Trieste: Manon Lescaut senza passione
Si diceva, una volta: non massacrare le fonti. Bene, lo spettacolo inaugurale della stagione lirica 2023/2024 della Fondazione Teatro Lirico Giuseppe Verdi di Trieste le sue fonti le ha massacrate tutte. Si rappresentava, anticipando i festeggiamenti per il centesimo anniversario della morte dell’autore, Manon Lescaut di Giacomo Puccini, ispirata, come sappiamo, dalla Storia del cavaliere Des Grieux e di Manon Lescaut (Histoire du chevalier Des Grieux et de Manon Lescaut), nota anche semplicemente come Manon Lescaut. Un romanzo d’intento moralistico, pubblicato nel 1731, da Antoine François Prévost – più conosciuto come l’Abbé Prevost -, che è anche il settimo e ultimo volume di Mémoires et aventures d’un homme de qualité (Memorie e avventure di un uomo di qualità). Diede scandalo ed ebbe un successo tale da divenire un romanzo a sé stante, giacché “nella condotta del signor Des Grieux si può vedere un esempio terribile della forza delle passioni.”.
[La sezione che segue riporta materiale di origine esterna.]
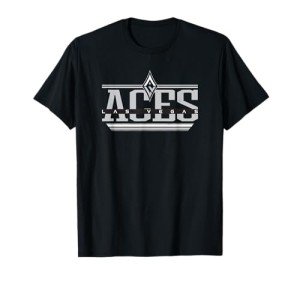 Las Vegas Aces WNBA Over the Top Black Crew Neck T-Shirt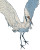 Japanese Crane Manga Vinyl Car Decal Sticker – Waterproof & UV-Resistant 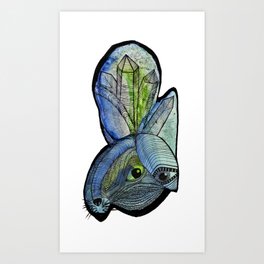 conejo de la soledad Art Print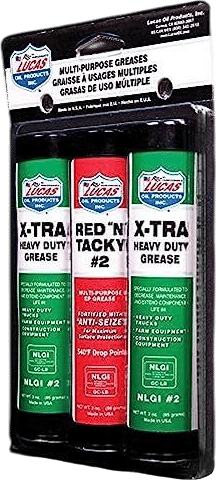 Lucas Oil 10315 Multi-Purpose Grease Combo Pack - 1 Red N Tacky 3 Ounce, 2 X-Tra HD 3 Ounce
Il secolo dei lumi, si sa, condannava le passioni in nome della ragione, il Novecento le passioni le sublimò e Puccini, riprendendo e semplificando la vicenda, escluse l’intento moralistico, attenuò l’avidità e l’amoralità di Manon, per concentrarsi proprio sulla passione che lega i due giovani amanti.
Des Grieux resta la figura centrale, ma – siccome l’opera è donna – il titolo è Manon Lescaut, tenuta a battesimo con successo al Teatro Regio di Torino il primo febbraio del 1893.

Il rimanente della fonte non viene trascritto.